Packagings made out of recycled or natural products are pictured during a media visit for the inauguration of the Nestle Institute of Packaging Sciences in Lausanne, Switzerland, September 12, 2019. REUTERS/Denis Balibouse
Having been identified by environmental group Greenpeace as one of the biggest producers of plastic waste that is polluting landfill sites and oceans, Nestle has also been criticized for its lack of action to address the problem.
“It’s our name on the package, so we want to be in the driver’s seat when it comes to developing solutions,” Nestle Chief Executive Mark Schneider said on Thursday at the inauguration of the Nestle Institute of Packaging Sciences in Lausanne.
“We are pushing our suppliers because we have the feeling they have not really delivered,” Schneider told Reuters during a tour of the new research facilities, adding that the move had generated “creative tension” among the group’s suppliers.
The maker of KitKat chocolate bars and Nescafe instant coffee has vowed to make 100 percent of its packaging recyclable or reusable by 2025 — one of the focus areas of the new institute in Lausanne, western Switzerland.
Its 50 employees work closely with other staff of Nestle’s research center there as well as external scientists and start-ups.
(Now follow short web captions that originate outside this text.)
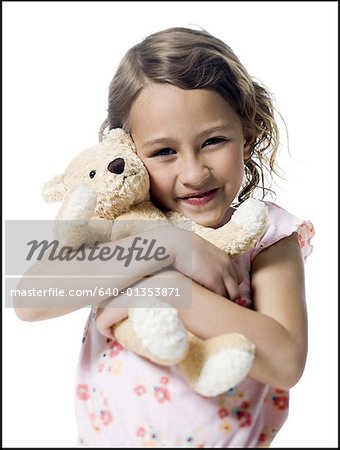 Portrait of a girl hugging a teddy bear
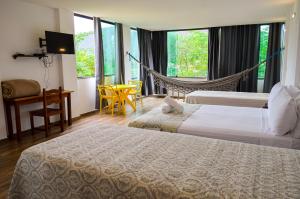 Cama ou camas em um quarto em Pousada Vie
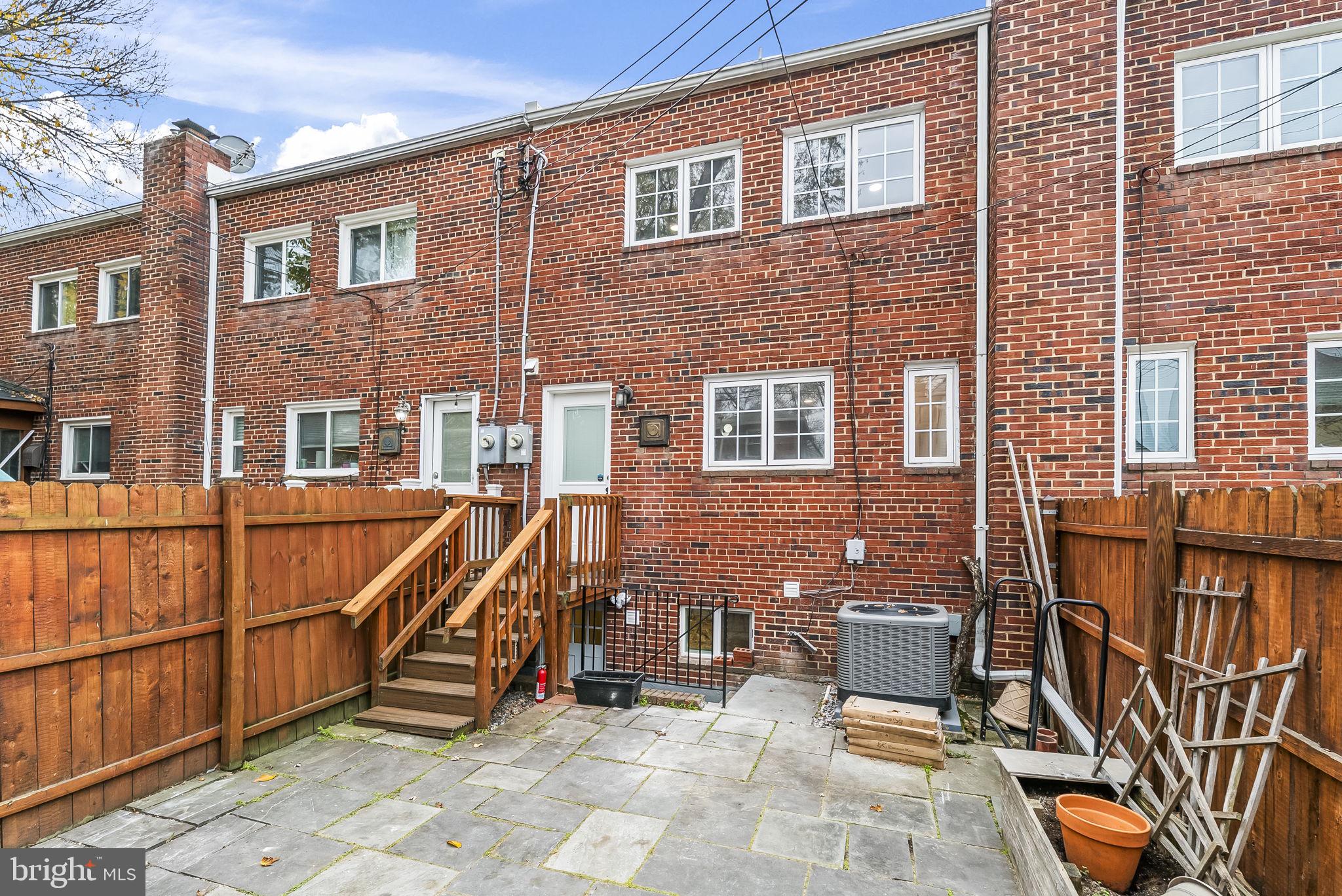 433 Earl Street Alexandria, VA 22314 - Photo 26 of 30 a view of a patio with a table and chairs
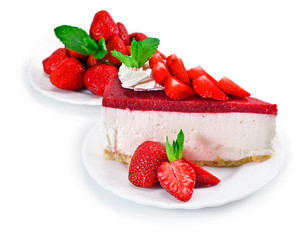 Piece of cheesecake with fresh strawberries and mint isolated on a white background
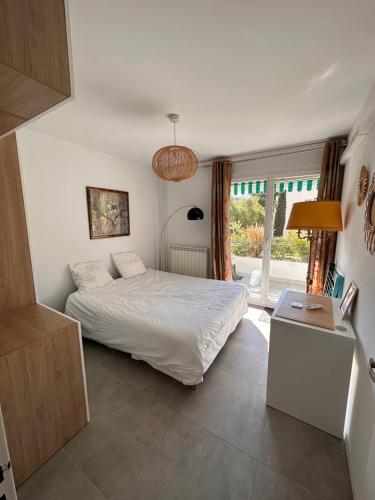 1 dormitorio con cama blanca y ventana en La Garde d'Antoine - Appartement centre ville en La Garde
The collaborative effort is aimed at producing the likes of simplified wrapping materials that have fewer layers and are easier to recycle, as well as compostable and biodegradable materials.
On the tour of the institute, scientists also showed water bottles made entirely from recycled materials and explained the company’s efforts to create paper with better qualities for keeping Nestle’s products fresh.
Nestle declined to disclose the size of its investment in the initiative but said that technologies developed by the institute could be licensed to third parties.
“We made an important upfront investment, so of course we’ll ultimately want to see higher consumer sales or royalties,” CEO Schneider said.
Nestle also said it wanted to achieve zero net greenhouse gas emissions by 2050, following in the footsteps container shipping giant Maersk, which made the same pledge last year.
Alternative packaging materials and more plant-based food and drinks with a better environmental footprint will help Nestle reach that goal, the company said, adding that tree planting, an improved dairy supply chain and 100% renewable electricity are also part of the equation.